• [What you will do]: Return every record verbatim, omitting all pictures.

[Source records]
^^^^^^^^

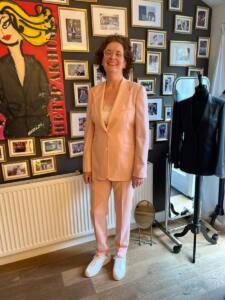 Lesbische-bruid-pak-roze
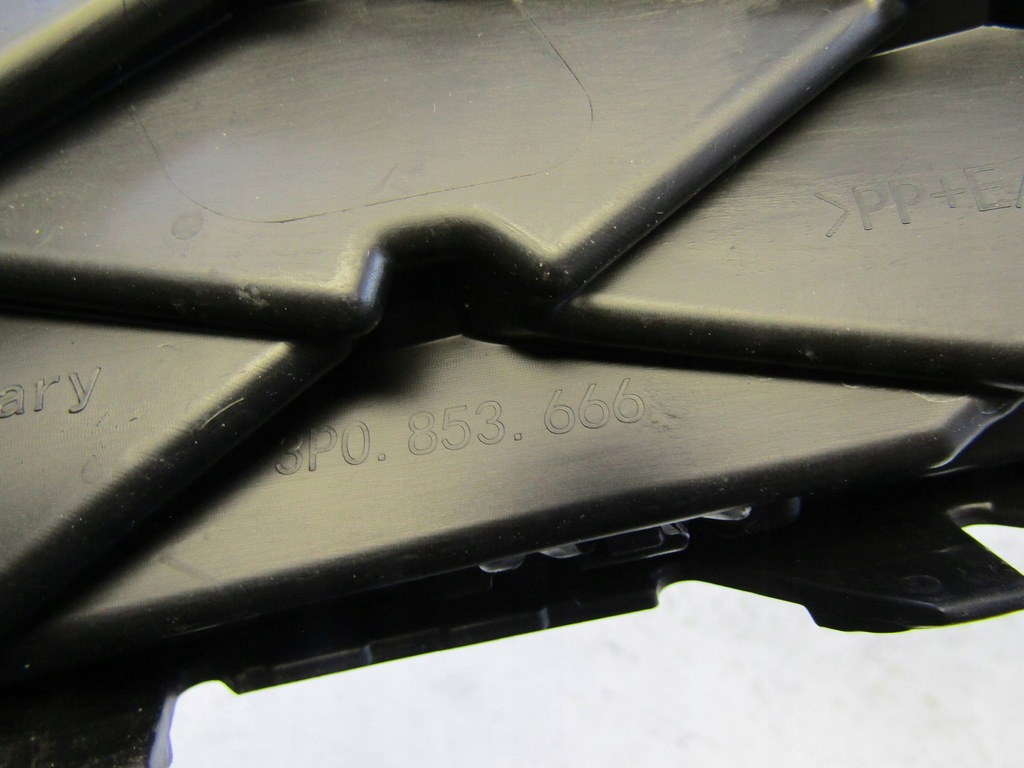 фото №9, Skoda superb iv решітка права перед 3p0853666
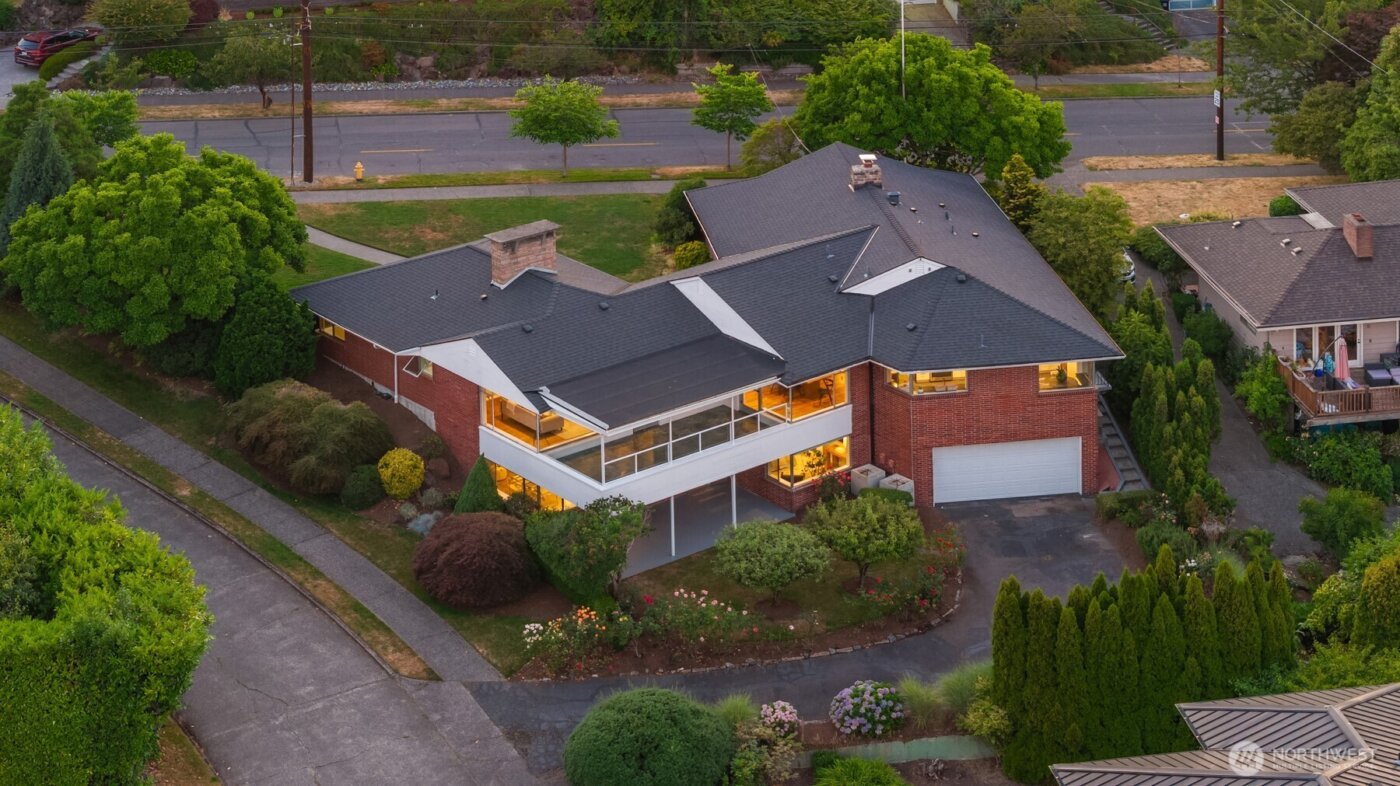 6070 Seward Park Avenue S, Seattle, WA 98118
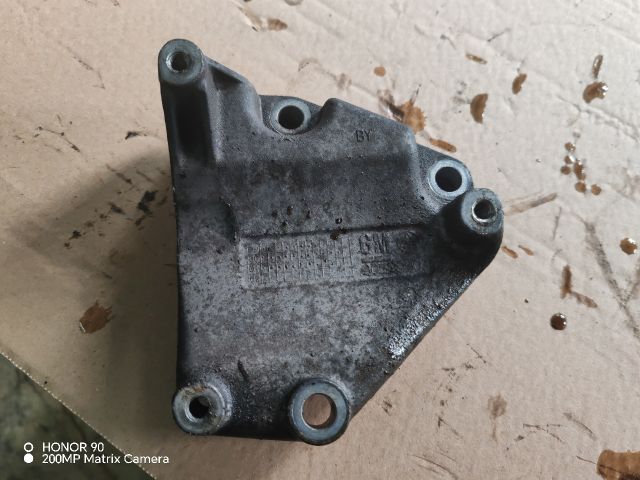 bontott OPEL ASTRA G Tartó Bak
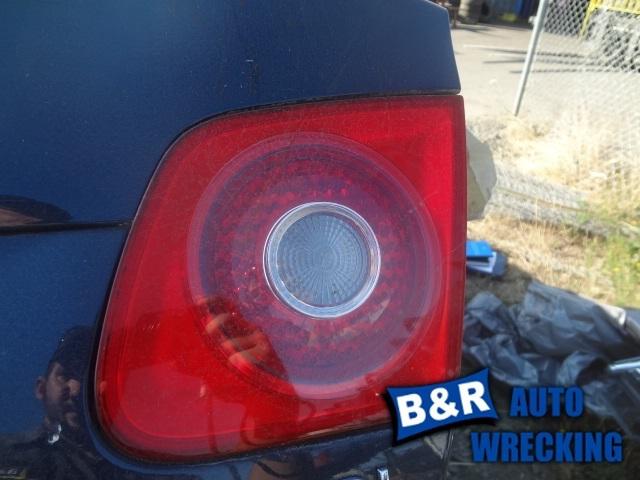 Lid mounted taillight for 05 06 07 vw jetta ~ sdn vin k 8th digit   red outer le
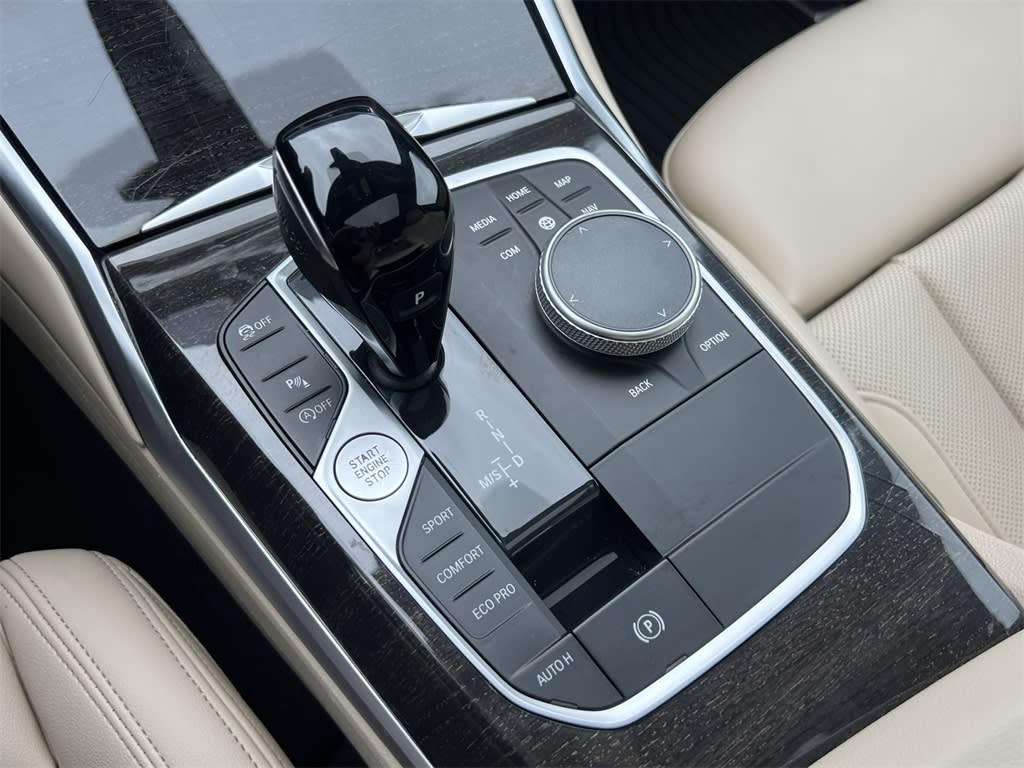 Thumbnail: 2022 BMW 3 Series - 15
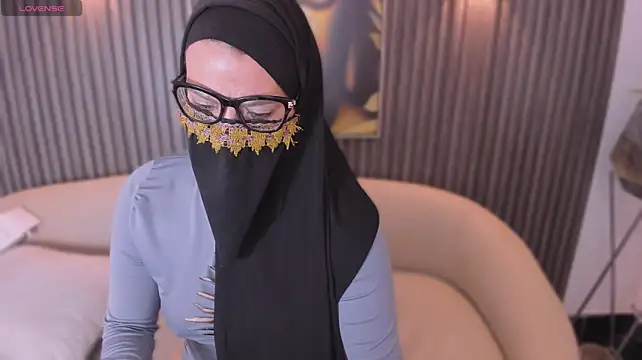 LilMalak Adlı Modelin Canlı XXX Sohbeti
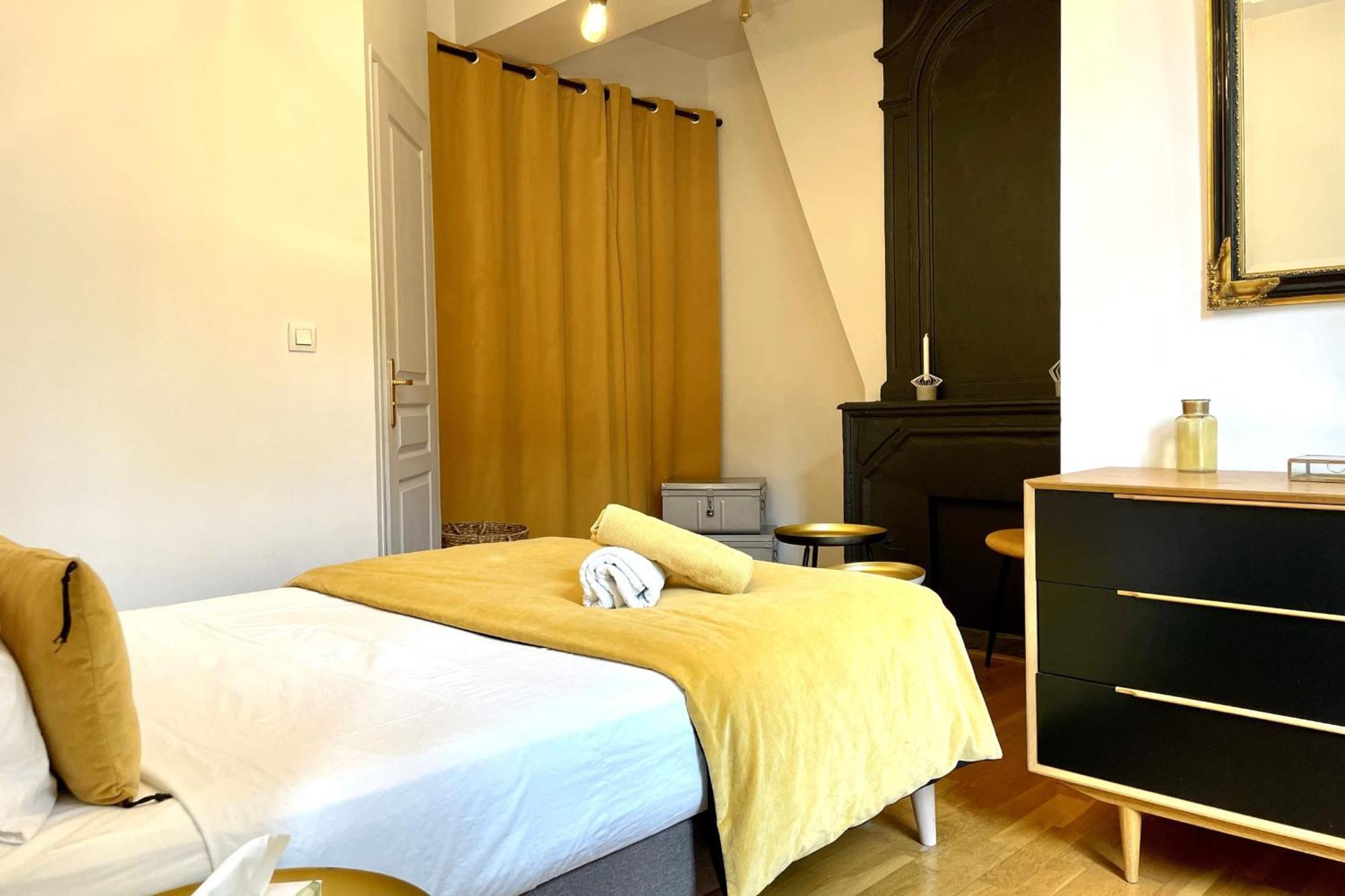Hotel Turgot - Ancien Hotel Particulier - Lumineux Rouen Luaran gambar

^^^^^^^^

• [Result below]:
 Lesbische-bruid-pak-roze
 фото №9, Skoda superb iv решітка права перед 3p0853666
 6070 Seward Park Avenue S, Seattle, WA 98118
 bontott OPEL ASTRA G Tartó Bak
 Lid mounted taillight for 05 06 07 vw jetta ~ sdn vin k 8th digit   red outer le
 Thumbnail: 2022 BMW 3 Series - 15
 LilMalak Adlı Modelin Canlı XXX Sohbeti
Hotel Turgot - Ancien Hotel Particulier - Lumineux Rouen Luaran gambar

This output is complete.